Carsey, Jaben Thu, 24 May 2018 07:13:33 -0700

Follow pep8 for coding style.

The technical benefit is things like that If an exception occurs we still close 
the file.


> -----Original Message-----
> From: Gao, Liming
> Sent: Thursday, May 24, 2018 1:31 AM
> To: Carsey, Jaben <jaben.car...@intel.com>; edk2-devel@lists.01.org
> Subject: RE: [edk2] [RFC] Formalize source files to follow DOS format
> Importance: High
> 
> Jaben:
>   What difference of statement for file read/write?
> 
>   Besides, we use .encode() here to support python 3. After we move to
> python 3, this script is not changed.
> 
> Thanks
> Liming
> >-----Original Message-----
> >From: Carsey, Jaben
> >Sent: Monday, May 21, 2018 10:50 PM
> >To: Gao, Liming <liming....@intel.com>; edk2-devel@lists.01.org
> >Subject: RE: [edk2] [RFC] Formalize source files to follow DOS format
> >
> >Liming,
> >
> >One Pep8 thing.
> >Can you change to use the with statement for the file read/write?
> >
> >Other small thoughts.
> >I think that FileList should be changed to a set as order is not important.
> >Maybe wrapper the re.sub function with your own so all the .encode() are
> in
> >one location?  As we move to python 3 we will have fewer changes to
> make.
> >
> >
> >> -----Original Message-----
> >> From: edk2-devel [mailto:edk2-devel-boun...@lists.01.org] On Behalf Of
> >> Liming Gao
> >> Sent: Sunday, May 20, 2018 9:52 PM
> >> To: edk2-devel@lists.01.org
> >> Subject: [edk2] [RFC] Formalize source files to follow DOS format
> >>
> >> FormatDosFiles.py is added to clean up dos source files.
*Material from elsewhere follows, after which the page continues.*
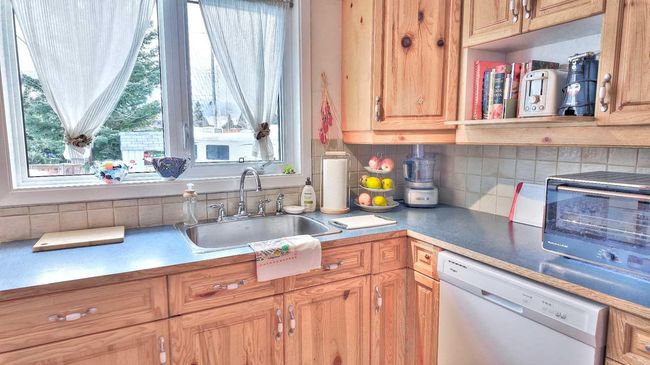1001 9 Avenue, House other with 4 bedrooms, 2 bathrooms and 4 parking in Canmore AB | Image 9
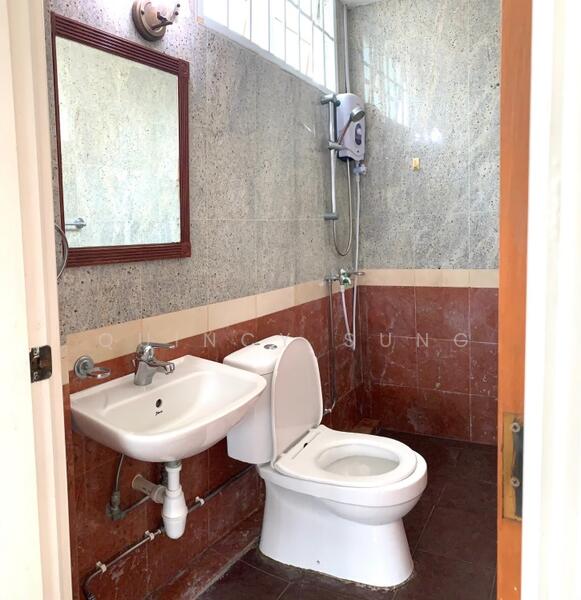 Bartley Rise Estate 23a Eden Grove House Serangoon MRT, Eden Grove, Farrer Park / Serangoon Rd, Room Rental, 300 sqft, Terraced House For Rent, by Quincy Sung, 24009803 - PropertyGuru.com.sg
It bases on
> >> the rules defined in EDKII C Coding Standards Specification.
> >> 5.1.2 Do not use tab characters
> >> 5.1.6 Only use CRLF (Carriage Return Line Feed) line endings.
> >> 5.1.7 All files must end with CRLF
> >> No trailing white space in one line. (To be added in spec)
> >>
> >> The source files in edk2 project with the below postfix are dos format.
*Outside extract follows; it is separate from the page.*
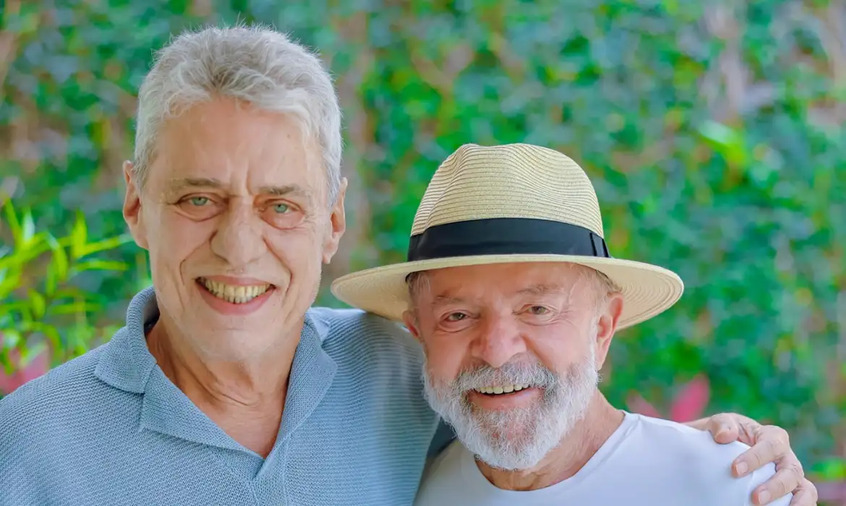 Chico Buarque é convidado para compor samba-enredo em homenagem ao presidente Lula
> >> .h .c .nasm .nasmb .asm .S .inf .dec .dsc .fdf .uni .asl .aslc .vfr .idf
> >> .txt .bat .py
> >>
> >> The package maintainer can use this script to clean up all files in his
> >> package. The prefer way is to create one patch per one package.
> >>
> >> Contributed-under: TianoCore Contribution Agreement 1.1
> >> Signed-off-by: Liming Gao <liming....@intel.com>
> >> ---
> >>  BaseTools/Scripts/FormatDosFiles.py | 93
> >> +++++++++++++++++++++++++++++++++++++
> >>  1 file changed, 93 insertions(+)
> >>  create mode 100644 BaseTools/Scripts/FormatDosFiles.py
> >>
> >> diff --git a/BaseTools/Scripts/FormatDosFiles.py
> >> b/BaseTools/Scripts/FormatDosFiles.py
> >> new file mode 100644
> >> index 0000000..c3a5476
> >> --- /dev/null
> >> +++ b/BaseTools/Scripts/FormatDosFiles.py
> >> @@ -0,0 +1,93 @@
> >> +# @file FormatDosFiles.py
> >> +# This script format the source files to follow dos style.
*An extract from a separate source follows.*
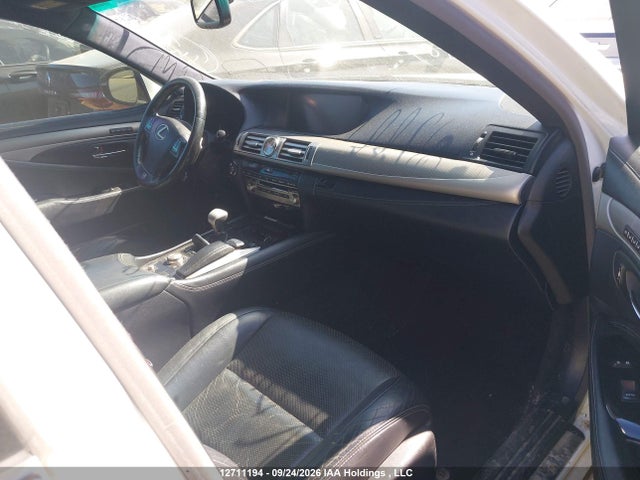 Продажа на аукционе авто 2013 Lexus Ls 460 460, vin: JTHCL5EF2D5015881, номер лота: 12711194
> >> +# It supports Python2.x and Python3.x both.
> >> +#
> >> +#  Copyright (c) 2018, Intel Corporation. All rights reserved.<BR>
> >> +#
> >> +#  This program and the accompanying materials
> >> +#  are licensed and made available under the terms and conditions of the
> >> BSD License
> >> +#  which accompanies this distribution.  The full text of the license may
> be
> >> found at
> >> +#  http://opensource.org/licenses/bsd-license.php
> >> +#
> >> +#  THE PROGRAM IS DISTRIBUTED UNDER THE BSD LICENSE ON AN "AS
> IS"
> >> BASIS,
> >> +#  WITHOUT WARRANTIES OR REPRESENTATIONS OF ANY KIND, EITHER
> >> EXPRESS OR IMPLIED.
> >> +#
> >> +
> >> +#
> >> +# Import Modules
> >> +#
> >> +import argparse
> >> +import os
> >> +import os.path
> >> +import re
> >> +import sys
> >> +
> >> +"""
> >> +difference of string between python2 and python3:
> >> +
> >> +there is a large difference of string in python2 and python3.
> >> +
> >> +in python2,there are two type string,unicode string (unicode type) and
> 8-
> >bit
> >> string (str type).
> >> +  us = u"abcd",
> >> +  unicode string,which is internally stored as unicode code point.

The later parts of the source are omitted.